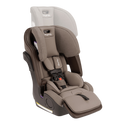 Nuna LUMN Harness to Booster Car Seat - 4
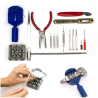 Pack Outils de maintenances des montres 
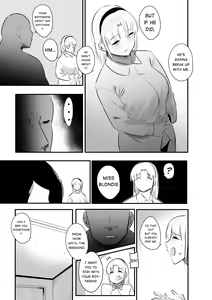 Page 650 of Naipran - preview thumbnail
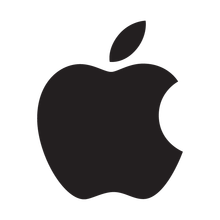 Ten years ago today Steve Jobs presented Apple's very first iPhone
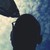 :iconnour-sherif:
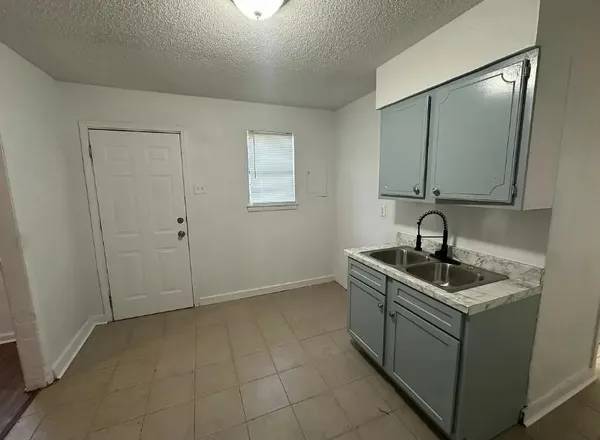 $135,000 | 1344 Hyde Park Boulevard, Memphis, TN 38108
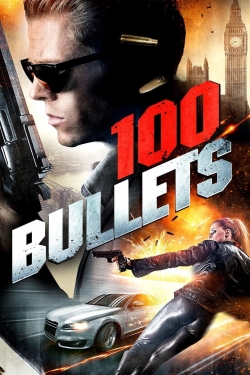 100 Bullets-full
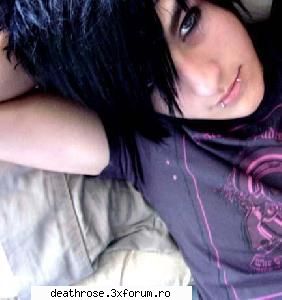 twilight max EsCaPe ThE fAtE                        ToKiO HoTeL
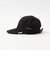 ENTWURFEIN Yael Cap.C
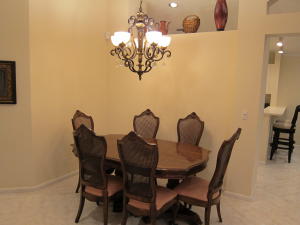 MAJESTIC ISLES 2 - Residential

■ ■ ■ ■ ■ ■ ■

_WHAT THIS TASK INVOLVES_.
Would you please print out all the records above exactly, minus any pictures?

_WRITTEN SOLUTION_.
 Nuna LUMN Harness to Booster Car Seat - 4
 Pack Outils de maintenances des montres 
 Page 650 of Naipran - preview thumbnail
 Ten years ago today Steve Jobs presented Apple's very first iPhone
 :iconnour-sherif:
 $135,000 | 1344 Hyde Park Boulevard, Memphis, TN 38108
 100 Bullets-full
 twilight max EsCaPe ThE fAtE                        ToKiO HoTeL
 ENTWURFEIN Yael Cap.C
 MAJESTIC ISLES 2 - Residential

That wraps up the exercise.